Longitudinal trends for the eLife articles.

For the training set, we summarized our findings per article. This graph shows article counts for the “Definitely okay” and “Definitely problematic” categories for each year evaluated.

Trends by biology subdiscipline for the eLife articles.

For the training set, this graph shows the percentage of articles categorized as “Definitely problematic” for a given subdiscipline, as indicated in the article metadata. In many cases, a single article was associated with multiple subdisciplines; these articles are shown as “Multidisciplinary.” We used a χ² goodness-of-fit test to calculate the p-value, with the overall proportion of each discipline as the expected probability.

Receiver operating characteristic curve for the Convolutional Neural Network predictions for the images in the eLife hold-out test set.

This curve illustrates tradeoffs between sensitivity and specificity. The area under the curve is 0.89.

Precision-recall curve for the Convolutional Neural Network predictions for the images in the eLife hold-out test set.

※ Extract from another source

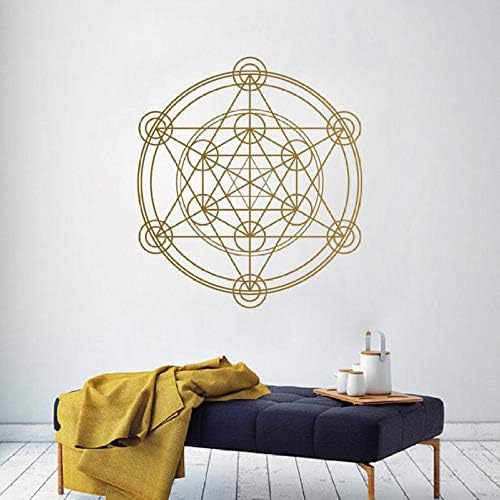 Cube Wall Decal Bedroom Living Room Art Vinyl Sticker Sacred Geometry Geometric Buddha Namaste Yoga Decor 27 Gray 65x57cm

This curve illustrates tradeoffs between precision and recall. The area under the curve is 0.75.

Receiver operating characteristic curve for the Convolutional Neural Network predictions for the images in the PubMed Central hold-out test set.

This curve illustrates tradeoffs between sensitivity and specificity. The area under the curve is 0.78.

Precision-recall curve for the Convolutional Neural Network predictions for the images in the PubMed Central hold-out test set.

This curve illustrates tradeoffs between precision and recall. The area under the curve is 0.39.